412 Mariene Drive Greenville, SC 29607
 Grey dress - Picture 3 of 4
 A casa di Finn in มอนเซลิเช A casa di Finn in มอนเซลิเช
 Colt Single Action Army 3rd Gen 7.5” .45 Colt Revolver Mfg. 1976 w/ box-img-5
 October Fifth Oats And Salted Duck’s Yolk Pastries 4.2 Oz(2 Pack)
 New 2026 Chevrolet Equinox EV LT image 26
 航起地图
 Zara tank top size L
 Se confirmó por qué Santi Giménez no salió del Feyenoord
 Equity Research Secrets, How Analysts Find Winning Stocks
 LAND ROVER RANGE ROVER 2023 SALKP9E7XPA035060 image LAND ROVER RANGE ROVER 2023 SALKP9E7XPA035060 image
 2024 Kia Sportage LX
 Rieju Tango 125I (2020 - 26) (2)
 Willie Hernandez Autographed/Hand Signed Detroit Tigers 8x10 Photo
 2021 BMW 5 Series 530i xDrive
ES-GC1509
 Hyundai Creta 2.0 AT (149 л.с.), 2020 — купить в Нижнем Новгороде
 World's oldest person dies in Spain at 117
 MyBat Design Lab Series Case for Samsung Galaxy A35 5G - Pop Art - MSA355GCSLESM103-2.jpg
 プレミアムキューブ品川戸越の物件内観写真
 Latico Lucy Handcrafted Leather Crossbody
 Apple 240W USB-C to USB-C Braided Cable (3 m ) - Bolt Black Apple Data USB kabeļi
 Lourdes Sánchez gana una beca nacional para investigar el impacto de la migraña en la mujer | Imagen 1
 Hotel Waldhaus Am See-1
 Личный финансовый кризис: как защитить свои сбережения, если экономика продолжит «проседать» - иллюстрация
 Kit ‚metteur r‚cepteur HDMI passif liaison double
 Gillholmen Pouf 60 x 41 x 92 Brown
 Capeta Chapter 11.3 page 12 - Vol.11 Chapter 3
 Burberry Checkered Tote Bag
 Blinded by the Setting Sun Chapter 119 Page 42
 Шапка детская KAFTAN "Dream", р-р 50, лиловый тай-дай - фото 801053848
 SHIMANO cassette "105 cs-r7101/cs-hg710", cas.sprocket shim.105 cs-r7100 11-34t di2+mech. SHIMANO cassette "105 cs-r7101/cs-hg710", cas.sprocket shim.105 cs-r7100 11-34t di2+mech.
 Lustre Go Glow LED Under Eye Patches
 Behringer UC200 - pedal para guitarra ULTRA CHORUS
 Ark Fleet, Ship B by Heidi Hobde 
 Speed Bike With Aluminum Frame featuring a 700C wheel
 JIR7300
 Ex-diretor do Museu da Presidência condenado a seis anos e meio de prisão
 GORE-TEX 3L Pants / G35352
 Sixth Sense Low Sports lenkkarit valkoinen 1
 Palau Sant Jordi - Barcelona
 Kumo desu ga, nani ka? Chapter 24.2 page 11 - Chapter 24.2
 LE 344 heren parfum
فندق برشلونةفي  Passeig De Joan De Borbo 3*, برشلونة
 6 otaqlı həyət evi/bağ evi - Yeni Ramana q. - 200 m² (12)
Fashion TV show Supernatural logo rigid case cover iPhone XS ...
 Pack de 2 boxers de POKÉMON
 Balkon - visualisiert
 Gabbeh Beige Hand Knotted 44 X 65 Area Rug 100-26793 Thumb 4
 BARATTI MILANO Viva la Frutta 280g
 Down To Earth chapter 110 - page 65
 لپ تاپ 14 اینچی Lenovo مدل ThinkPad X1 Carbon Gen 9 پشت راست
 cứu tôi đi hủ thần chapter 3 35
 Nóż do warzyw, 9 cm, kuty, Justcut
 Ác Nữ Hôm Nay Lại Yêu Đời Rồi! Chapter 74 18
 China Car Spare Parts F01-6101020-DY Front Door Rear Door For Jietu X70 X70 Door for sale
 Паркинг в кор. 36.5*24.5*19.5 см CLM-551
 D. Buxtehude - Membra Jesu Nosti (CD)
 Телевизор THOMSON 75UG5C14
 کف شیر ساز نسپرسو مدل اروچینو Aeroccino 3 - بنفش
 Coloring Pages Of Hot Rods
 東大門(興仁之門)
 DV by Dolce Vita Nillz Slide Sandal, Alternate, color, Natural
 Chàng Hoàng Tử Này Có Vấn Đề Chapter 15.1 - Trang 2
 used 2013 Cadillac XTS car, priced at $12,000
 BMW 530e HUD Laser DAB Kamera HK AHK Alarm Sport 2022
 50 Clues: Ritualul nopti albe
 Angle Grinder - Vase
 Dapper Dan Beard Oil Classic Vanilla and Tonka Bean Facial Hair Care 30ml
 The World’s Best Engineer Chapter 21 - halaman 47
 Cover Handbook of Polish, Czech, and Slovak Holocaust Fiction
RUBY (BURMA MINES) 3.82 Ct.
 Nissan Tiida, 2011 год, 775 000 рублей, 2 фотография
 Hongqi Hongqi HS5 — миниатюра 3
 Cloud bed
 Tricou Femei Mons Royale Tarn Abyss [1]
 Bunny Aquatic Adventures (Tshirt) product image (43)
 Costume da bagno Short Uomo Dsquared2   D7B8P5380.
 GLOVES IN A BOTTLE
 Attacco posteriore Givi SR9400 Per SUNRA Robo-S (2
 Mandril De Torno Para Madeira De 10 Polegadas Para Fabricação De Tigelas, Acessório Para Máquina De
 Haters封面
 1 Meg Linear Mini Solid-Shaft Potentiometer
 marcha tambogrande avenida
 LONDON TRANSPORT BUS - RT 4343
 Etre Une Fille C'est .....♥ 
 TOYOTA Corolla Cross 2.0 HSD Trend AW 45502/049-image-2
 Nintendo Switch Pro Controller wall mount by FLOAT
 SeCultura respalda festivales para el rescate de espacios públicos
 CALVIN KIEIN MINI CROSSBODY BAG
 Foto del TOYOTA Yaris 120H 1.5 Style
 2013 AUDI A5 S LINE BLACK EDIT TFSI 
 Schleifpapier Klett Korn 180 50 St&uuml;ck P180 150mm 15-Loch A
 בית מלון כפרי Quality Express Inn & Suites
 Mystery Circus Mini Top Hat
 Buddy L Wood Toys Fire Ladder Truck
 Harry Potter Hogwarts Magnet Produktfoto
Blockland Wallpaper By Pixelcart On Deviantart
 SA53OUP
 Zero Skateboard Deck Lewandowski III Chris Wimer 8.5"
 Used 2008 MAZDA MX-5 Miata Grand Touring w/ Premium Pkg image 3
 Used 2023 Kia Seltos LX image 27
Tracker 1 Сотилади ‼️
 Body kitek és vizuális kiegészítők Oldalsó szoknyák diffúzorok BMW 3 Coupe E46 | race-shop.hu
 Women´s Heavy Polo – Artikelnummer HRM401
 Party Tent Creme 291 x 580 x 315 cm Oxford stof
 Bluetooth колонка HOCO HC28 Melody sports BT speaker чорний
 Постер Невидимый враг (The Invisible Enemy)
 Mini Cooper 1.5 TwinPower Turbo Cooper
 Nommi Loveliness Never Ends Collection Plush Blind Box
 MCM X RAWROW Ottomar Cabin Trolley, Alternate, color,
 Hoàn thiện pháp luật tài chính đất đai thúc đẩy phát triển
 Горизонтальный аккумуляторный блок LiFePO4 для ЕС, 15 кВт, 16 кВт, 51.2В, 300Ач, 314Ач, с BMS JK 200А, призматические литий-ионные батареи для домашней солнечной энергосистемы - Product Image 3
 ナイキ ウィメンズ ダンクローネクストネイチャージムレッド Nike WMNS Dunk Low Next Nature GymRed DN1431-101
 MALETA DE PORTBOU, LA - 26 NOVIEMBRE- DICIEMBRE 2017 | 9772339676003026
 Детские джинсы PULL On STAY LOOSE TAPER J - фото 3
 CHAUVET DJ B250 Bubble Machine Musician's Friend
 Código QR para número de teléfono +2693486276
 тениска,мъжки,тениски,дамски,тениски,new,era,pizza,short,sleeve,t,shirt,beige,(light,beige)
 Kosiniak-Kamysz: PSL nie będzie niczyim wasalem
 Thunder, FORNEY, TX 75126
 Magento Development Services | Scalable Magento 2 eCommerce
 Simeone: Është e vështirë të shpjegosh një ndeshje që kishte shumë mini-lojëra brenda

**Assignment:** Looking at the data above, write out exactly the lines that start at the one containing "2024 Kia Sportage LX" and end at the one containing "Apple 240W USB-C"; include both and nothing beyond.

**Exercise answer:**
 2024 Kia Sportage LX
 Rieju Tango 125I (2020 - 26) (2)
 Willie Hernandez Autographed/Hand Signed Detroit Tigers 8x10 Photo
 2021 BMW 5 Series 530i xDrive
ES-GC1509
 Hyundai Creta 2.0 AT (149 л.с.), 2020 — купить в Нижнем Новгороде
 World's oldest person dies in Spain at 117
 MyBat Design Lab Series Case for Samsung Galaxy A35 5G - Pop Art - MSA355GCSLESM103-2.jpg
 プレミアムキューブ品川戸越の物件内観写真
 Latico Lucy Handcrafted Leather Crossbody
 Apple 240W USB-C to USB-C Braided Cable (3 m ) - Bolt Black Apple Data USB kabeļi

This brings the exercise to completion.